Return exactly the lines from the one containing "SKAYA trpezarijski set" through the end of the material below, and leave the images out.

**Information supplied:**
········

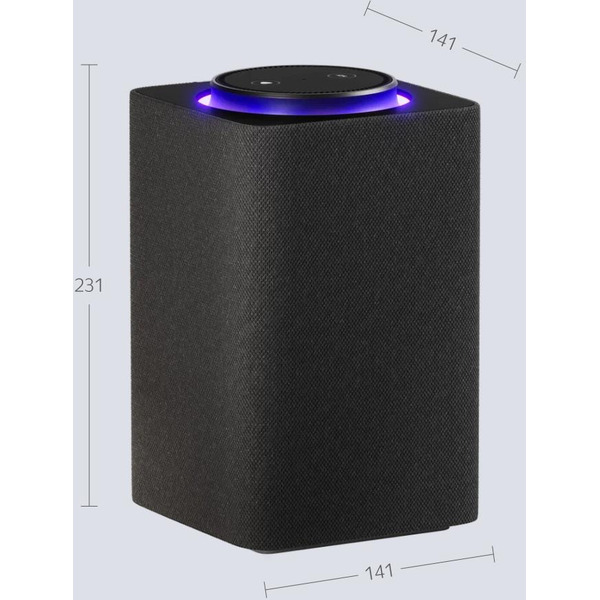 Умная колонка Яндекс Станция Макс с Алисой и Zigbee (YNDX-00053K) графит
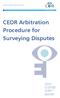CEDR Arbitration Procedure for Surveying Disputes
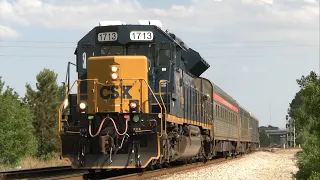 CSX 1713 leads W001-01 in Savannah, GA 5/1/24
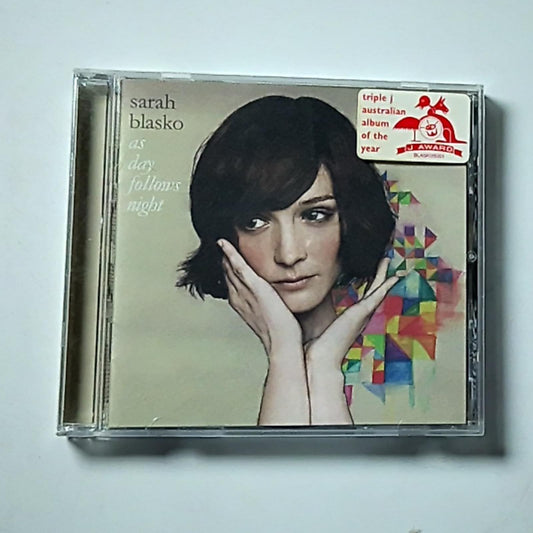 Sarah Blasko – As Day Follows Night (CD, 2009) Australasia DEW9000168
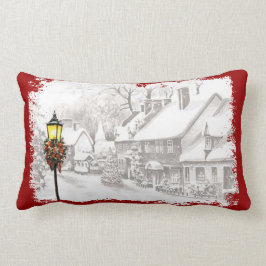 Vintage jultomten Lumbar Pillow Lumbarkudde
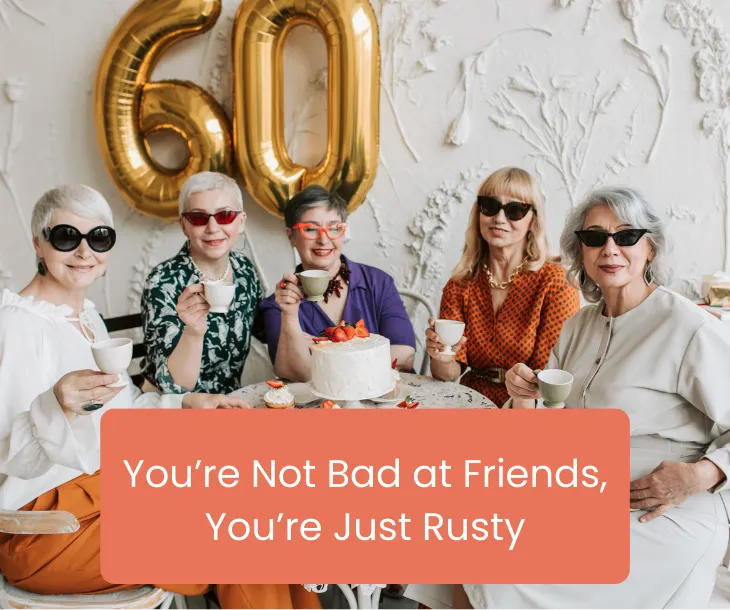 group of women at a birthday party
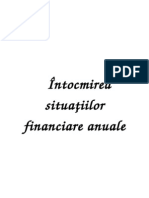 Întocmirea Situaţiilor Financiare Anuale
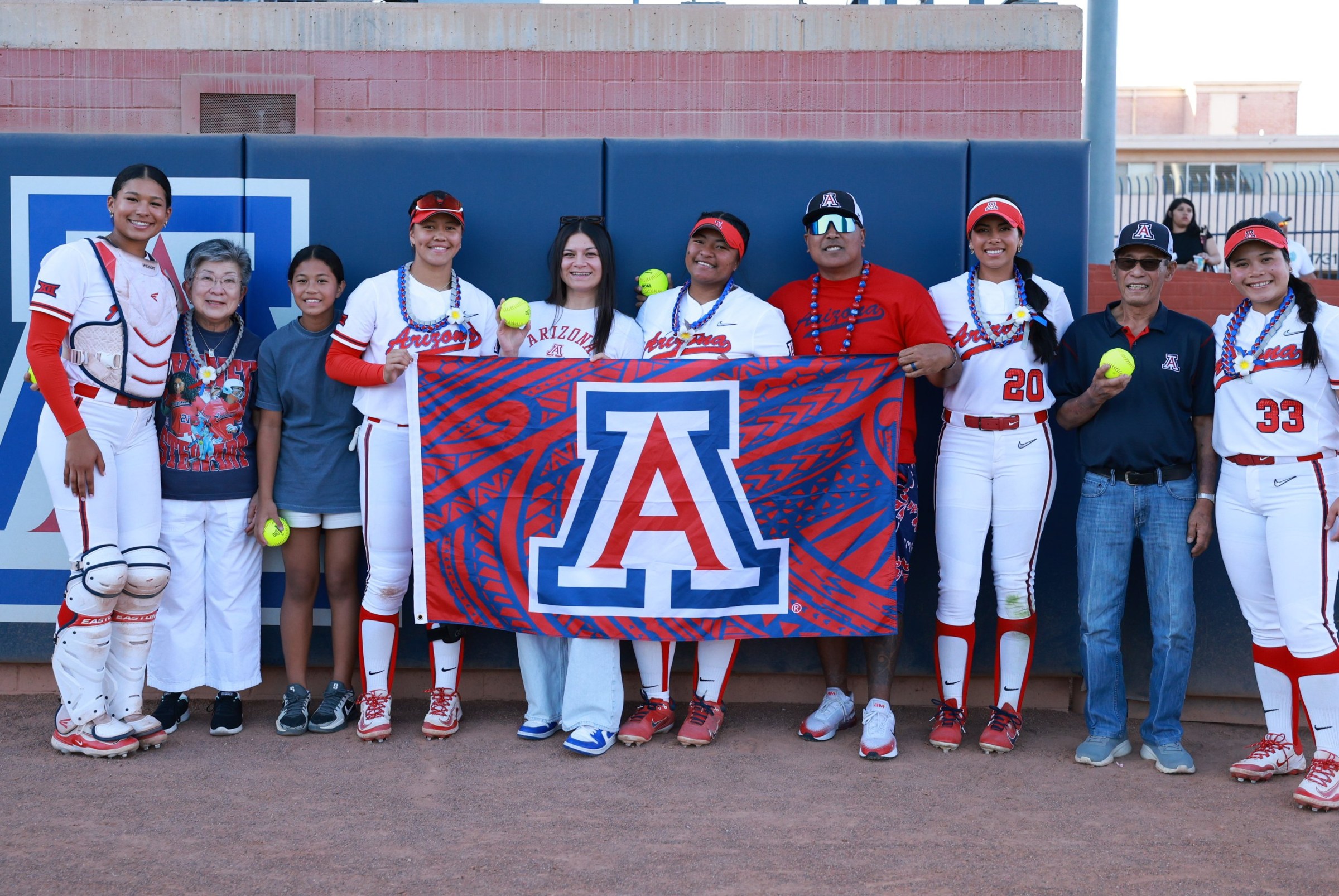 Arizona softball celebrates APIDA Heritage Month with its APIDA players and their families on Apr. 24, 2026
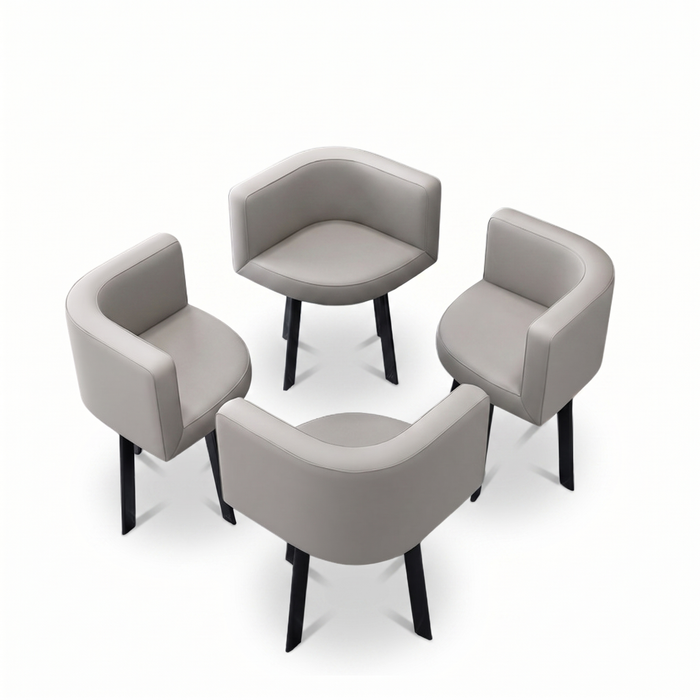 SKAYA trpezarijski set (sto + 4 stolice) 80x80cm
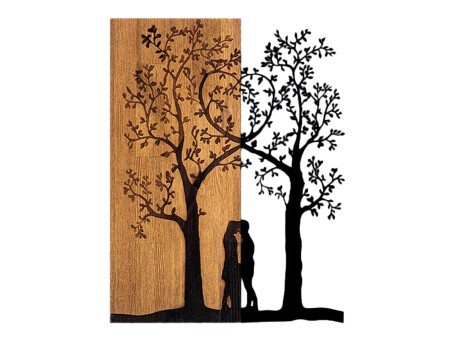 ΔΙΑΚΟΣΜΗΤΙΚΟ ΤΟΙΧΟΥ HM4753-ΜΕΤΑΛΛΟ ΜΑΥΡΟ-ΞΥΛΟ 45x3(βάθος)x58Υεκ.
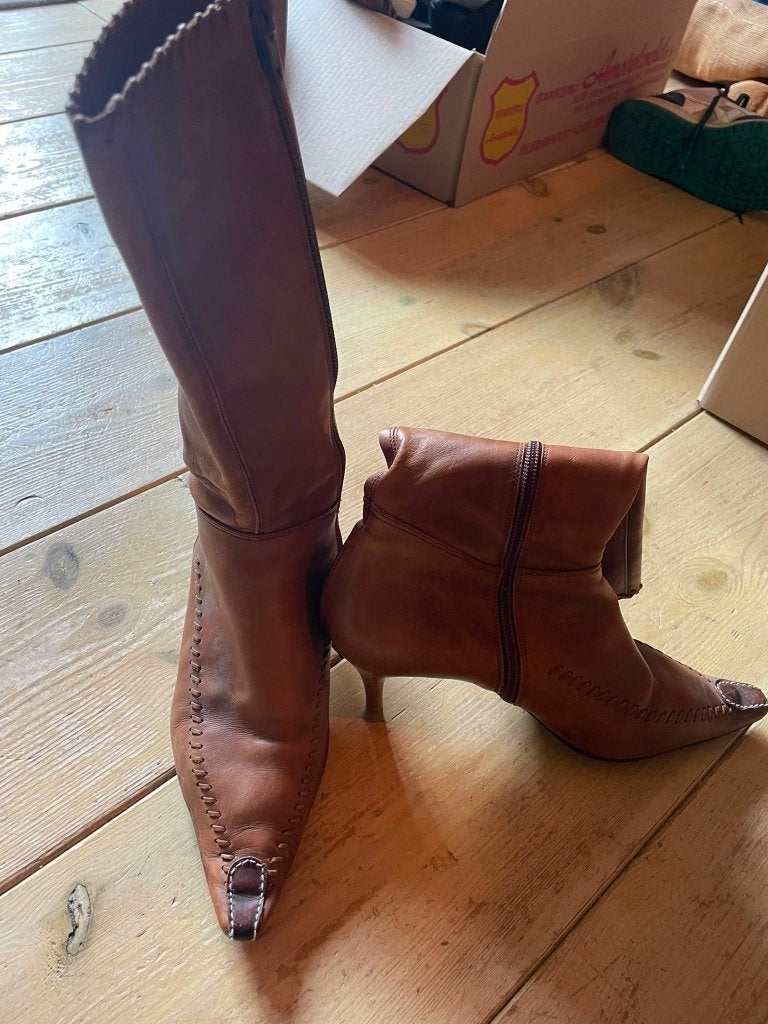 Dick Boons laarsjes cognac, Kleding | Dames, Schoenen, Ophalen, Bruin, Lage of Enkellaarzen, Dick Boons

········

**Written answer:**
 SKAYA trpezarijski set (sto + 4 stolice) 80x80cm
 ΔΙΑΚΟΣΜΗΤΙΚΟ ΤΟΙΧΟΥ HM4753-ΜΕΤΑΛΛΟ ΜΑΥΡΟ-ΞΥΛΟ 45x3(βάθος)x58Υεκ.
 Dick Boons laarsjes cognac, Kleding | Dames, Schoenen, Ophalen, Bruin, Lage of Enkellaarzen, Dick Boons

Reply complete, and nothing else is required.